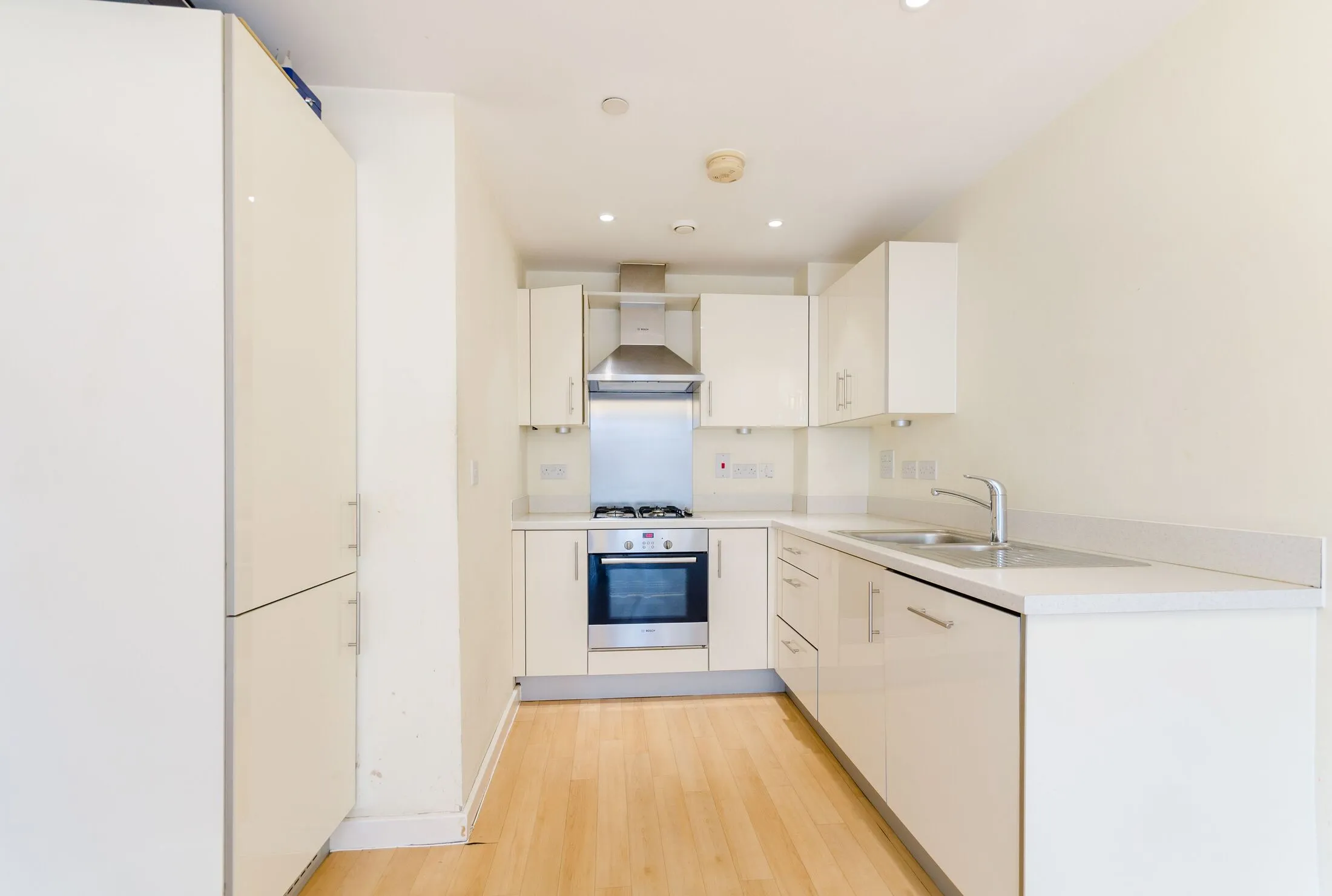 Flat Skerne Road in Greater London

※ ※ ※

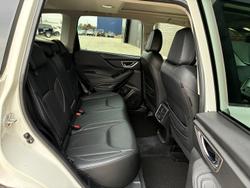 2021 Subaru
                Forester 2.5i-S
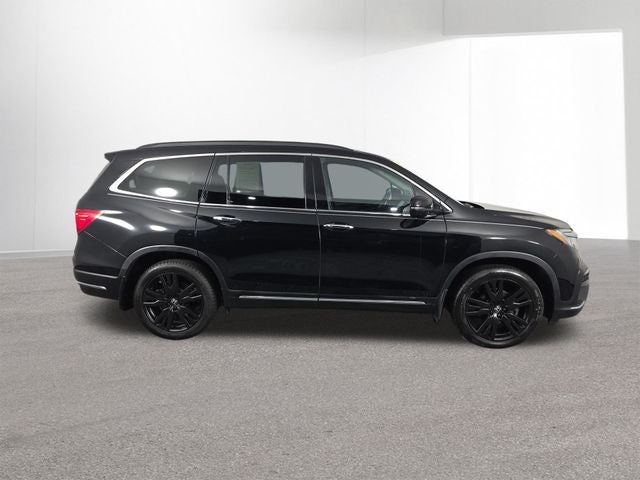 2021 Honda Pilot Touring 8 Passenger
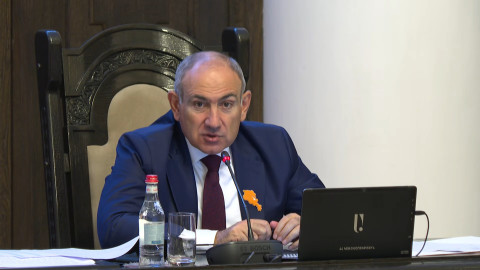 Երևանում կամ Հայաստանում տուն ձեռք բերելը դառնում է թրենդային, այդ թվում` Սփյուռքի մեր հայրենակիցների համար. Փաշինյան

※ ※ ※

• YOUR INSTRUCTIONS:
While skipping the pictures, transcribe the data above from the line showing "2021 Subaru" through the line showing "Երևանում կամ Հայաստանում", exactly and with both ends.

• OUTPUT FOR THIS TASK:
 2021 Subaru
                Forester 2.5i-S
 2021 Honda Pilot Touring 8 Passenger
 Երևանում կամ Հայաստանում տուն ձեռք բերելը դառնում է թրենդային, այդ թվում` Սփյուռքի մեր հայրենակիցների համար. Փաշինյան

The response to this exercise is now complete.